Immo Stabreit (born 24 January 1933 Rathenow, Province of Brandenburg, Germany) is a German diplomat, and was West German and German Ambassador to South Africa from 1987 to 1992, Ambassador to the United States from 1992 to 1995 and Ambassador to France from 1995 to 1998. He is a Member of the Advisory Board of the Global Panel Foundation, a respected NGO that works behind the scenes in crisis areas around the world.

Life
He grew up in Berlin. He graduated from Princeton University, with a bachelor's degree (BA) in 1953, and studied law Free University of Berlin and Ruprecht Karls University of Heidelberg, with a Ph.D. in 1963.
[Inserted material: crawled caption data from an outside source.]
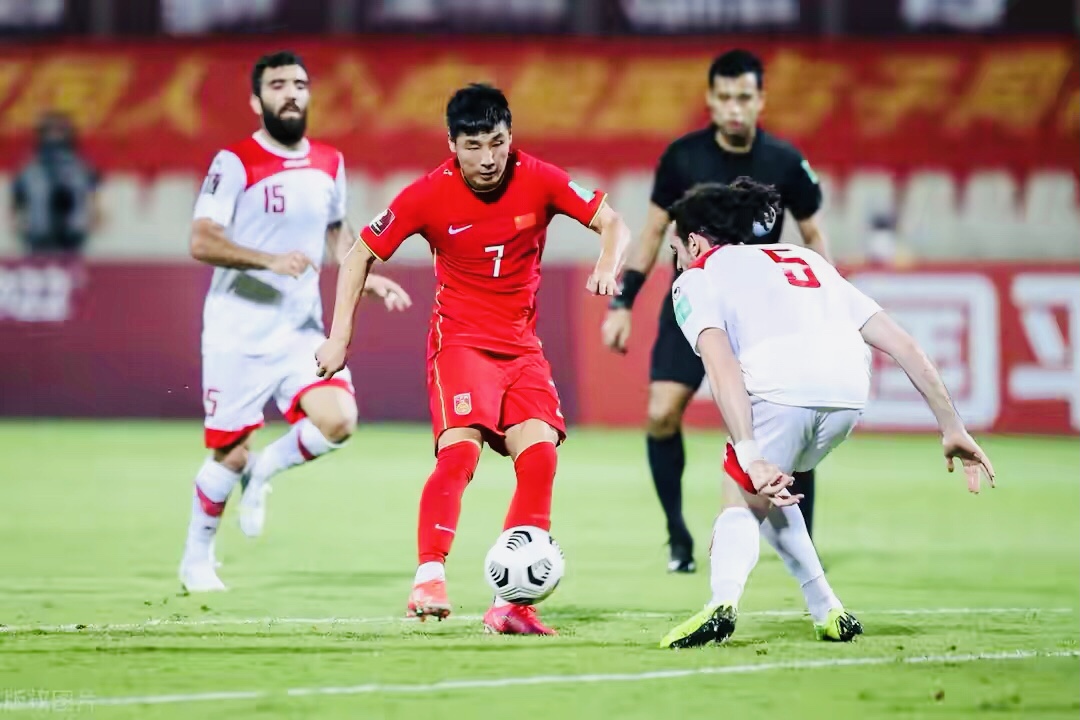 中国男足3-1击败叙利亚,中国男足对战叙利亚男足现场直播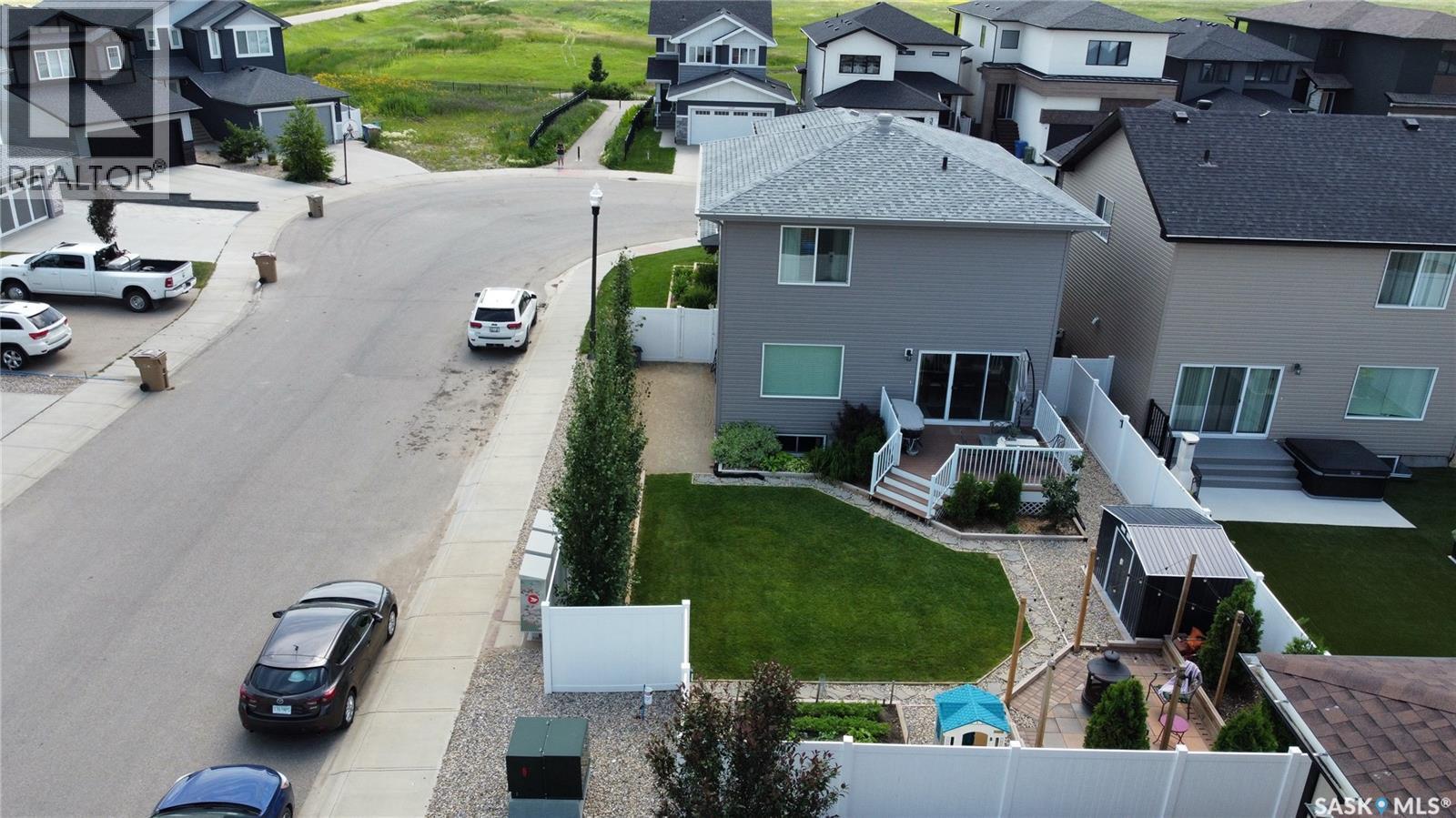 3755 Gee Crescent, Regina, SK - Outdoor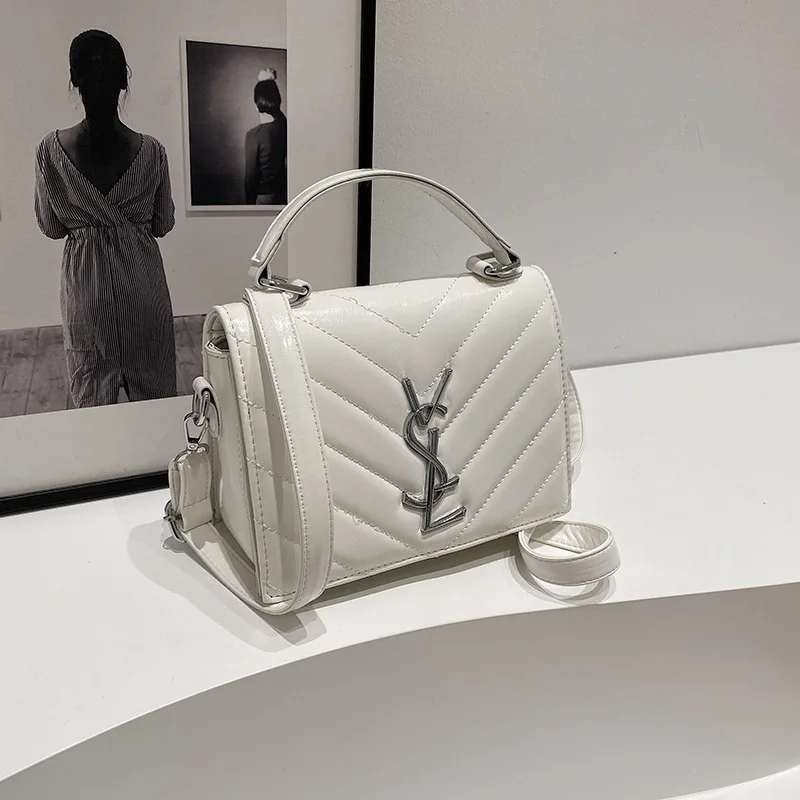 

2025 New Women's Niche Design Crossbody Bag Luxury Chain Strap Shoulder Purse Elegant Fashion Versatile Casual Chic Bag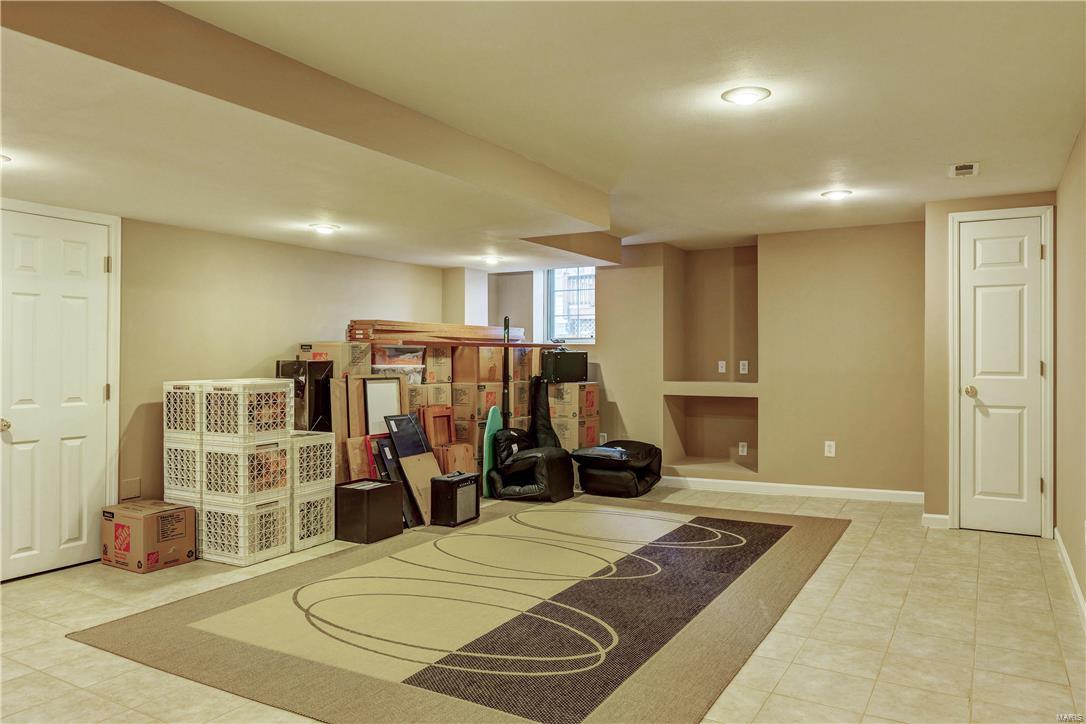373 Edgar Road Webster Groves, MO 63119 - Photo 34 of 42 Gallery Image 34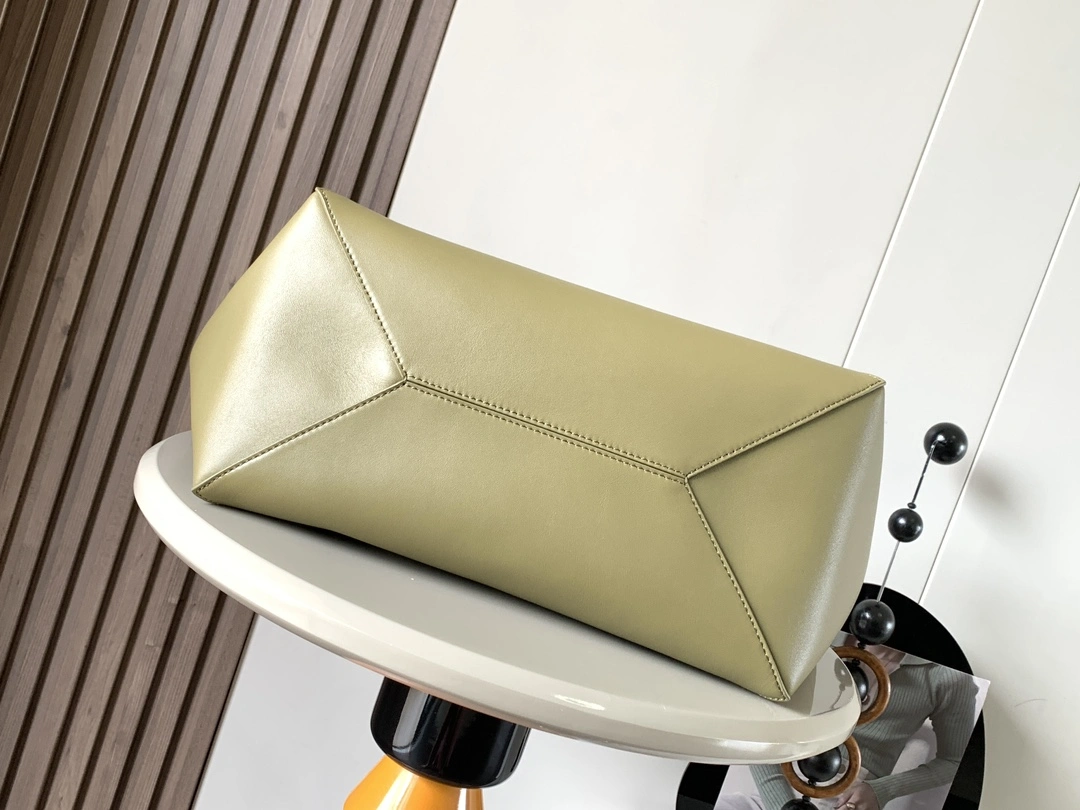 WeatherProof Loewe Shopping Bags 71945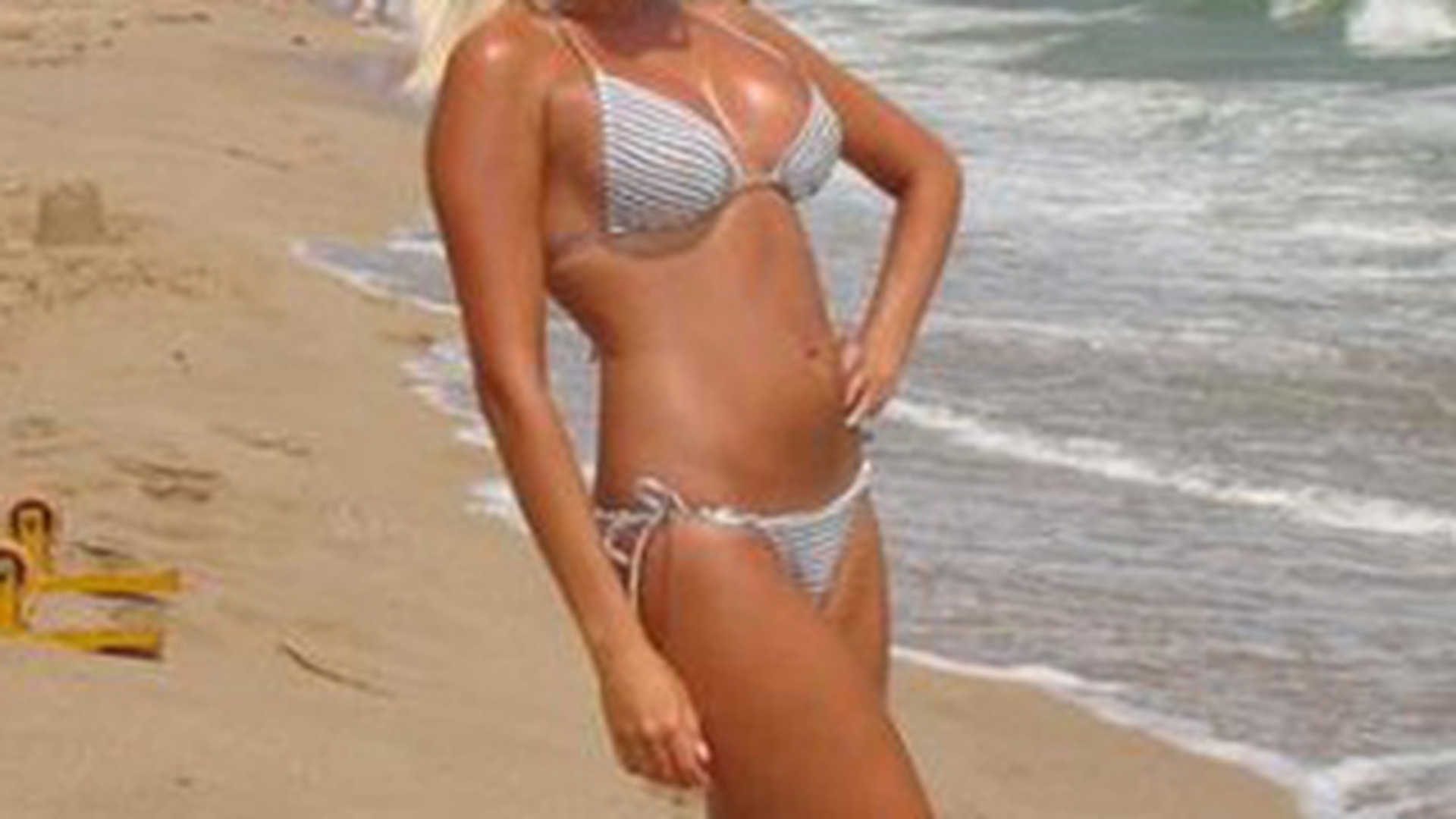 Raluca Tanase (Bambi) pleaca in vacanta in Dubai si Mauritius!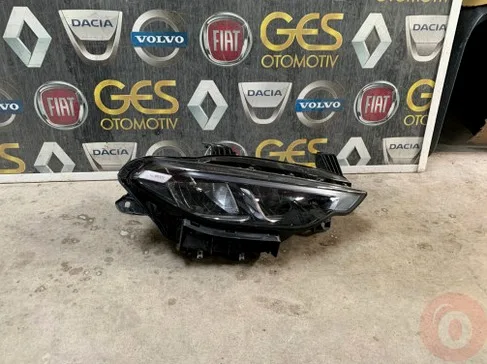 Fiat Egea Sağ Ön Far çıkma parça - ANKA OTO YEDEK PARÇA İZMİR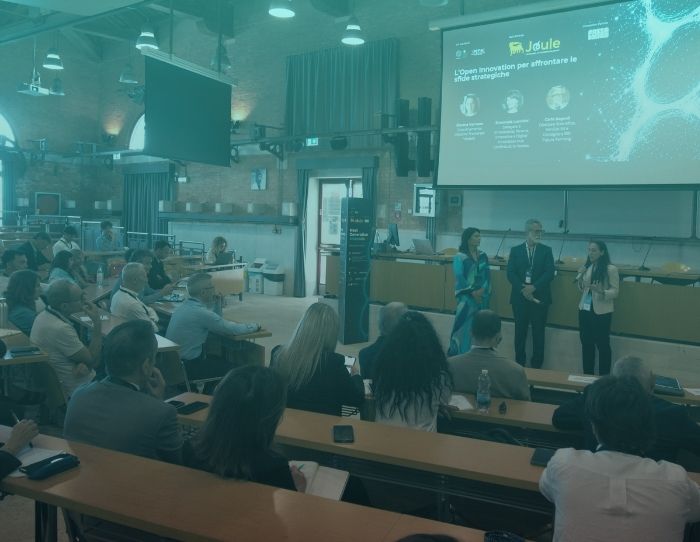 Researchers and industry representatives at a VeniSIA open-innovation event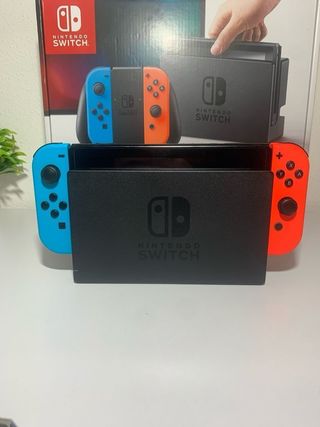 NUOVA!! Nintendo Switch + Accessori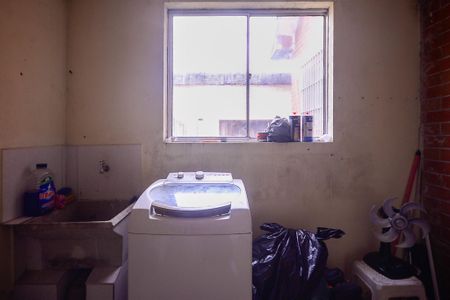 Casa à venda com 317m², 5 quartos e 2 vagas Casa à venda com 317m², 5 quartos e 2 vagasCasa 1 - Área de Serviço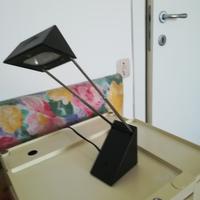 Lampada alogena da tavolo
From 1964 to 1966, he was First Secretary at the Foreign Office in Bonn. 
He was First Secretary Department of the Soviet Union from 1966 to 1973. 
He served as Deputy Head of the Soviet Union office in Bonn, from 1974 to 1975. He studied at the Advanced Study Program at Harvard University. 
He served in the International Energy Agency in Paris, until 1978.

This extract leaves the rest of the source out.